WHAT NEEDS TO BE DONE
Without any of the pictures, transcribe all the lines below exactly.

DATASET RECORDS

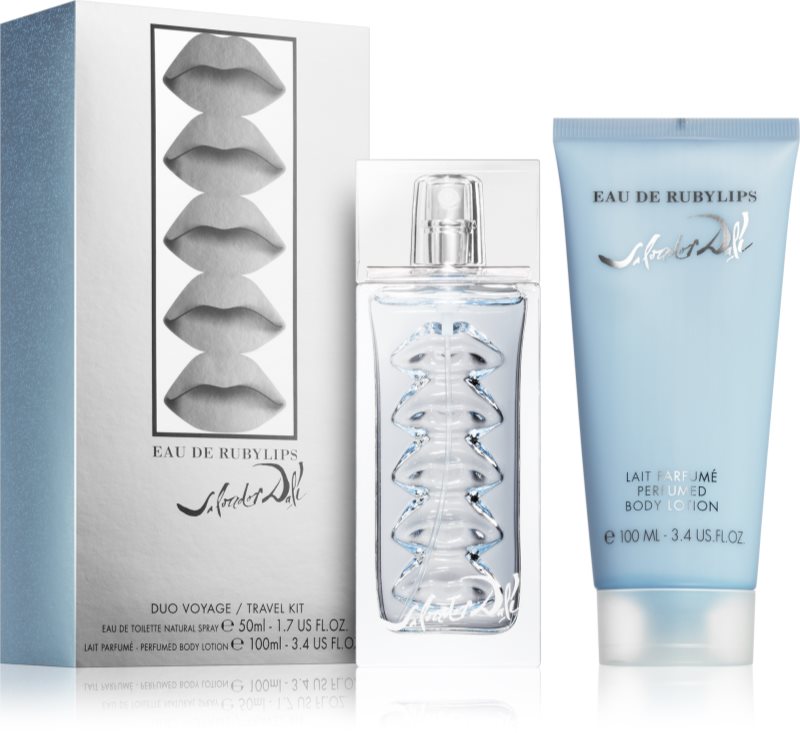 Salvador Dali Eau De Ruby Lips darilni set II.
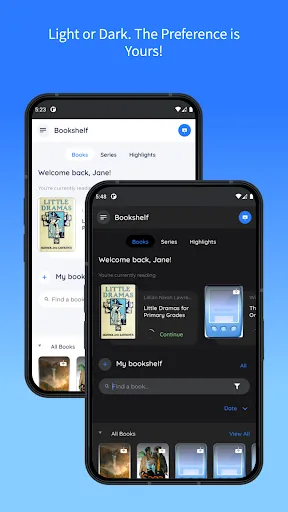 BookFusion - EPUB & PDF Reader Screenshots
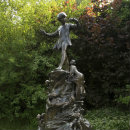 Peter Pan Statue in Kensington Gardens (c)  Anne Marie Briscombe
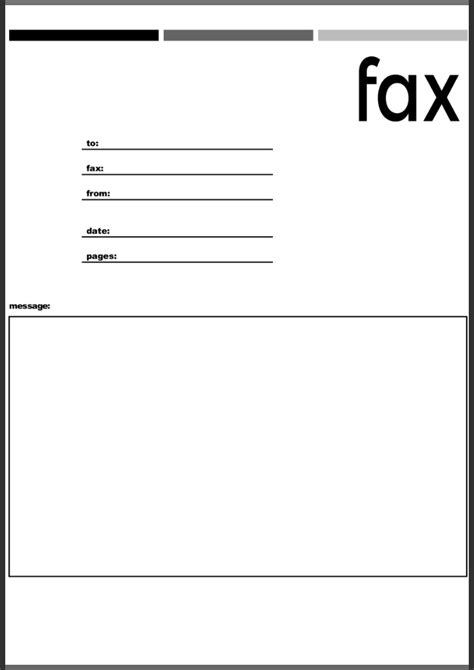 How To Fill Out A Fax Cover Sheet With A Complete Guidance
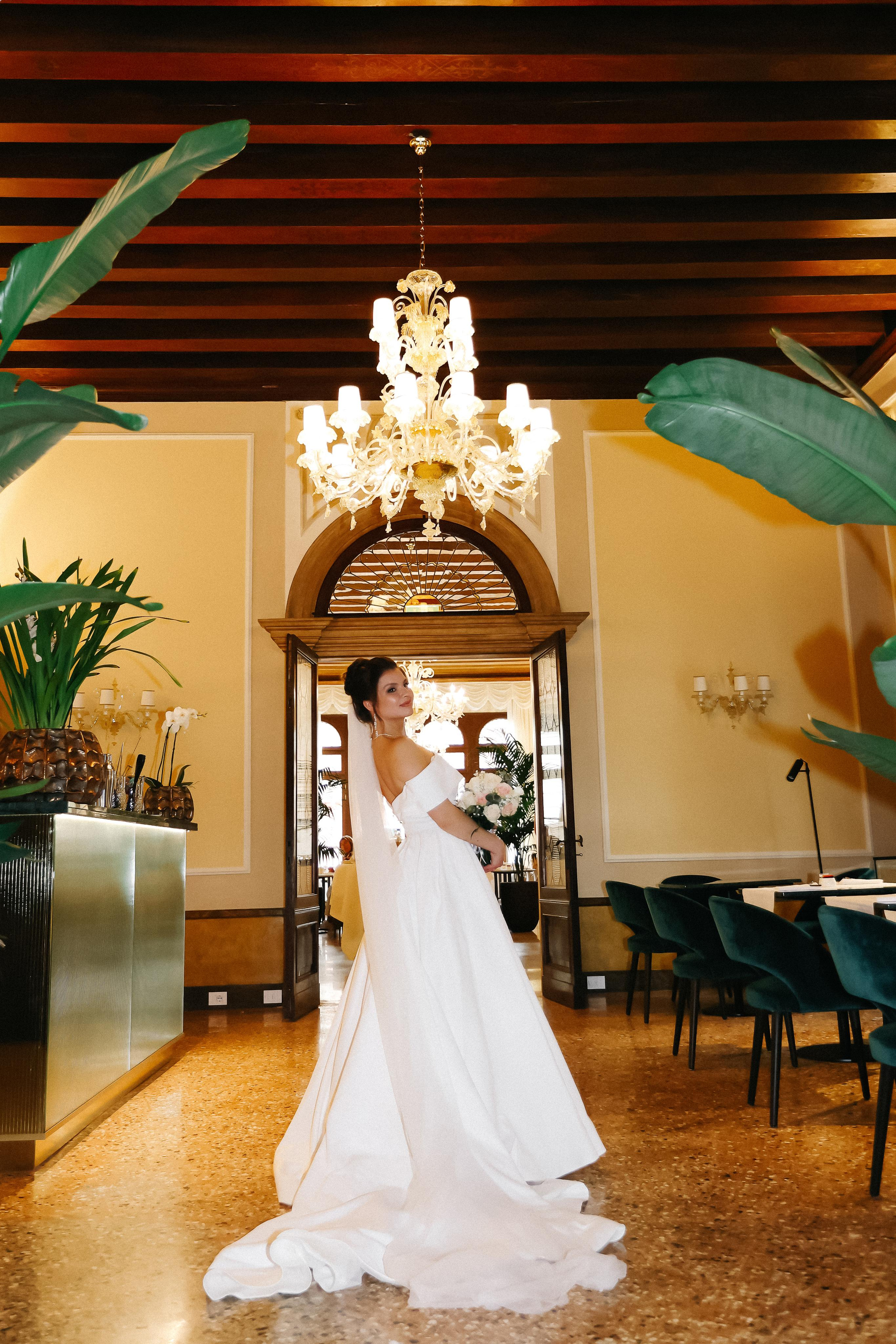 The magic on the morning in Venice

ANSWER FOR THE TASK
 Salvador Dali Eau De Ruby Lips darilni set II.
 BookFusion - EPUB & PDF Reader Screenshots
 Peter Pan Statue in Kensington Gardens (c)  Anne Marie Briscombe
 How To Fill Out A Fax Cover Sheet With A Complete Guidance
 The magic on the morning in Venice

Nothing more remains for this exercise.